今村善次郎(いまむら ぜんじろう 1890年11月19日ー1971年1月6日)は、発明家、経営者。

富山県高岡市出身。1907年、17歳で上京。仕事を転々としながら夜間中学を卒業した。1910年代に自分で製造した家具用ワックスや靴墨、またイギリス製のメンダインを販売していた。今村は「国産の接着剤」をつくりたいと、このメンダインに対抗してチューブ詰めの化学のりの開発を試みて、1923年に成功した。日本初の合成接着剤として製造販売を開始した。セメダインAは耐水性と耐熱性に弱点があり、研究開発に明け暮れて、1938年に「セメダインC」を発売する。当時、子供たちの間に模型飛行機ブームがあり、その接着剤として売れ行きも良かった。家庭用の黄色いチューブで黒字に赤抜き文字のセメダインCは工作用で、学校での工作や家庭でも使われていた。私もよく使った記憶がある。

株式会社セメダインの主力は、工業用接着剤であるが、家庭用についても次々に新製品を発売している。

結合材を意味する「セメント」と力の単位の「ダイン」を組み合わせた「セメrダイン」は、今村善次郎の造語で、接着剤の代名詞になっている。2013年にセメダインCは日本初の合成接着剤として国立科学博物館選定する重要科学技術史資料 (未来技術遺産)に登録された。

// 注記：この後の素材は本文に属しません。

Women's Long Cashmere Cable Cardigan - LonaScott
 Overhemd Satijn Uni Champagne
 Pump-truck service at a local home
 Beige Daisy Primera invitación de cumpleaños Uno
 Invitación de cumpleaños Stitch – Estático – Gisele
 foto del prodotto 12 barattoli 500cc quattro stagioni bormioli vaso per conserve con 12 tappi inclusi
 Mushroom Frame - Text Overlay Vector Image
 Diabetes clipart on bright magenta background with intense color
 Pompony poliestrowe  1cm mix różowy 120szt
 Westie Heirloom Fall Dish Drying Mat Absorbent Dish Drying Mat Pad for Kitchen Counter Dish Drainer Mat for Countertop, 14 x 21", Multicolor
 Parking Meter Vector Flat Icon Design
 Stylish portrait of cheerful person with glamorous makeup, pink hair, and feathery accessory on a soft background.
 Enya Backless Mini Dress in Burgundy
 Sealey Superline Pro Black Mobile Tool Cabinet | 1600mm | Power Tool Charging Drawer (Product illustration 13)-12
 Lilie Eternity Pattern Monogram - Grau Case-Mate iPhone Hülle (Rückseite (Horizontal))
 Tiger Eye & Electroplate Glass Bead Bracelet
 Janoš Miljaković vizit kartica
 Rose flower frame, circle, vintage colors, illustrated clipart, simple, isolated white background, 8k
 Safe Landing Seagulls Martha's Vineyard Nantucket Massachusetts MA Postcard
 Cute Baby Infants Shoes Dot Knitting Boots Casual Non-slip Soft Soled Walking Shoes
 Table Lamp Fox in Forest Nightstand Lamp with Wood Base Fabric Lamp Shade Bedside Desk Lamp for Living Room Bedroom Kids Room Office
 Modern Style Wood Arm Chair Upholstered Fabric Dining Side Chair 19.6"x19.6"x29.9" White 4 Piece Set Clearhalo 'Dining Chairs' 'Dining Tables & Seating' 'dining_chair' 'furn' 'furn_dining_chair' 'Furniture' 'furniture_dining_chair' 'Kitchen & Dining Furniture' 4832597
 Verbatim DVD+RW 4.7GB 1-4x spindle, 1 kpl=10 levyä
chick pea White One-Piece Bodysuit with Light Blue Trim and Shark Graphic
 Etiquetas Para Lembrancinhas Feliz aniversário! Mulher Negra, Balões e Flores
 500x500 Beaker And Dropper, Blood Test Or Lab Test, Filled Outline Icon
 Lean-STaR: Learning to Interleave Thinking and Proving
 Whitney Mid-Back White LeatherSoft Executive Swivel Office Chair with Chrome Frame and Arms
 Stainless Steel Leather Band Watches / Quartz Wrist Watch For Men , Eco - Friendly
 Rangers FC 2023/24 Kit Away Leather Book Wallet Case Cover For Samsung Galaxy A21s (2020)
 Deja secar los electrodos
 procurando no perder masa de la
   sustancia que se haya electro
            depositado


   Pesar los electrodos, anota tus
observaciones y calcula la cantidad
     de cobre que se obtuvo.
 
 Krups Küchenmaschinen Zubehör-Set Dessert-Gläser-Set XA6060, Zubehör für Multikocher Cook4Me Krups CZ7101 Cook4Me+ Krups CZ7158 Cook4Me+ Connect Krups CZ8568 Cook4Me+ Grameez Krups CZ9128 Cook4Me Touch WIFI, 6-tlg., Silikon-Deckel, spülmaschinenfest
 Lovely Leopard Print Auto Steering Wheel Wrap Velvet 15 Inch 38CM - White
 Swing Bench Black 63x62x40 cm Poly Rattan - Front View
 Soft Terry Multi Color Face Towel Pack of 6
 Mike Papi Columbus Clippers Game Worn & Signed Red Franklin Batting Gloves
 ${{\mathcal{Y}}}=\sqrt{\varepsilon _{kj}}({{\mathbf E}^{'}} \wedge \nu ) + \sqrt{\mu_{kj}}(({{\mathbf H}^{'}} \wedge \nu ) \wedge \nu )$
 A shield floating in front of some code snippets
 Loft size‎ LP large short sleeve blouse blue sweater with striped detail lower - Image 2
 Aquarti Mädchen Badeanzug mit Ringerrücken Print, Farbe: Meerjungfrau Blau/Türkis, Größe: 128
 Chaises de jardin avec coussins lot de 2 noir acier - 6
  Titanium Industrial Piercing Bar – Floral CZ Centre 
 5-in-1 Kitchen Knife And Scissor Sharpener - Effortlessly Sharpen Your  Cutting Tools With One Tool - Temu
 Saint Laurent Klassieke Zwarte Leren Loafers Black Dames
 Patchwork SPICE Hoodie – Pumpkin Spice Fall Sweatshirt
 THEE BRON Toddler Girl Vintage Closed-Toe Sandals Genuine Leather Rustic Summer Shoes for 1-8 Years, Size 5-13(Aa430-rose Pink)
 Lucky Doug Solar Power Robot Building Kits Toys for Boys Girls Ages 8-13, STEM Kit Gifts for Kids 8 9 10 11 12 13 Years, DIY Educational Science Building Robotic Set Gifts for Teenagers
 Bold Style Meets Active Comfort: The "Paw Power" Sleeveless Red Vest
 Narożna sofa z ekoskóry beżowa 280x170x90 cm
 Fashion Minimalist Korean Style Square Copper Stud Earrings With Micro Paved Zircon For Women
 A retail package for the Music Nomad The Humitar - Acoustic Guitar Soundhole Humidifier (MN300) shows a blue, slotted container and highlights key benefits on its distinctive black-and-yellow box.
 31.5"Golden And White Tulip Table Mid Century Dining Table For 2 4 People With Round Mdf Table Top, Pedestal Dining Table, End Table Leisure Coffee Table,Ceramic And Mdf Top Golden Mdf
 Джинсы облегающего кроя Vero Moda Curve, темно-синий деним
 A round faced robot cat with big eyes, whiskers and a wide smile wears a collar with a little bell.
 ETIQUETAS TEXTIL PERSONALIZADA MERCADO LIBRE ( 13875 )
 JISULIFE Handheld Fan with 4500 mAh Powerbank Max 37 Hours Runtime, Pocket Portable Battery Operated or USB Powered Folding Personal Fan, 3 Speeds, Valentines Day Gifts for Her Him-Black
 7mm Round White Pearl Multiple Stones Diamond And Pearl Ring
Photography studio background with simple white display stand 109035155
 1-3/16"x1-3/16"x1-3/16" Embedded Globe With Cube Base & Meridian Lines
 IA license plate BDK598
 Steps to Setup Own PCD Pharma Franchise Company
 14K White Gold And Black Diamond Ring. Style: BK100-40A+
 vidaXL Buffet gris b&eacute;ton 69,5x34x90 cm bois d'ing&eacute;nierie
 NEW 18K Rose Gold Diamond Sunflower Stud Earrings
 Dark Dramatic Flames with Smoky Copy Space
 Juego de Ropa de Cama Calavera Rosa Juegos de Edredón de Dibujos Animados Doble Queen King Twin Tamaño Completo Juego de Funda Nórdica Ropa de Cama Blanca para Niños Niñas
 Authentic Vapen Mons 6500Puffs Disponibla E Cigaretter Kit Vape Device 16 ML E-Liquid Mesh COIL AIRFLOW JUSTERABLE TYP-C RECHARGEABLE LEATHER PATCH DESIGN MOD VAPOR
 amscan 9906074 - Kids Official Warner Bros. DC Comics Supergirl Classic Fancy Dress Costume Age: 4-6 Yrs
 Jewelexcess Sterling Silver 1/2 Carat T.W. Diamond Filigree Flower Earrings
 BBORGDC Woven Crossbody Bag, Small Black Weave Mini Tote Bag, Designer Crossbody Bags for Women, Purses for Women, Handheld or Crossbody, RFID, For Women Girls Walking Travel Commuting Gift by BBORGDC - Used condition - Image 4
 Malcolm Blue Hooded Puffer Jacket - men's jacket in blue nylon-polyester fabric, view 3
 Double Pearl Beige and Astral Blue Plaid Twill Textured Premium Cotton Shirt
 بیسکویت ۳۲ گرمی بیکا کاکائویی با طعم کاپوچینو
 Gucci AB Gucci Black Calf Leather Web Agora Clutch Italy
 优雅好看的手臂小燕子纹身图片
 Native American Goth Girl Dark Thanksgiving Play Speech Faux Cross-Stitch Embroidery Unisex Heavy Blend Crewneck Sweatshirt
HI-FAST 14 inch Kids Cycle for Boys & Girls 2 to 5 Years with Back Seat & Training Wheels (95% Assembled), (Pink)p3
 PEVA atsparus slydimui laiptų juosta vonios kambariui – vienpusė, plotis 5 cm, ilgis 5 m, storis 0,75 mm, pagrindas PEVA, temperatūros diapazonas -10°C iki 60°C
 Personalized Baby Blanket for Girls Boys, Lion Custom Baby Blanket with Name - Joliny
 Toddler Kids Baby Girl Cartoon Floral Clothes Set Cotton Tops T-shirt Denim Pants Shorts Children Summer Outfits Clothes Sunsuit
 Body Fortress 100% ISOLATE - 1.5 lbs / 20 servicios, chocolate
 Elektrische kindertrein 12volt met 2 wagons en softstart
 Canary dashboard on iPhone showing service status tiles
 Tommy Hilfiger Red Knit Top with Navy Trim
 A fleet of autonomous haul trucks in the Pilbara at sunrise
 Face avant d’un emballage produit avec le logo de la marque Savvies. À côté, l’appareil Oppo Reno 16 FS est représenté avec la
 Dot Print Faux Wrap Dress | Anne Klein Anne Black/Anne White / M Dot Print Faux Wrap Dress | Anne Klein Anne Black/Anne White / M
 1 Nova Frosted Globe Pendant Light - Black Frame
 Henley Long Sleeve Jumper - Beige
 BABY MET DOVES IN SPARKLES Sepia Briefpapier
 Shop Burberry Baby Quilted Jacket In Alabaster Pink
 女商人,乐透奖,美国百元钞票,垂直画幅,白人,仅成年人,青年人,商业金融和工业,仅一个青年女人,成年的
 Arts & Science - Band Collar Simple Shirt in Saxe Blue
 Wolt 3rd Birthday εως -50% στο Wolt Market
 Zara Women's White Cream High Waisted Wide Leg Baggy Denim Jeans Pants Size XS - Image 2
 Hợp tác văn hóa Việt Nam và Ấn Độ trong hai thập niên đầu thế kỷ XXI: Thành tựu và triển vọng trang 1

今村は「接着剤は世の中の進歩に貢献し努力が少しづつ結実することに無上の喜びを感じた」「よりよい製品をより多くの人々に、を合言葉に全力を尽くしたい」と、1970年の社内報で語っている。また今村の生前を知るある社員は「商品開発に力を注ぎ、マーケティングやデザイン、ネーミングなどで才能を発揮し、時代の最先端を行った」と述懐している。

2022年、株式会社セメダインは、カネカの子会社となった。

今村善次郎は「国産接着剤の父」「セメダインの父」と呼ばれている。ここにも「父」がいた。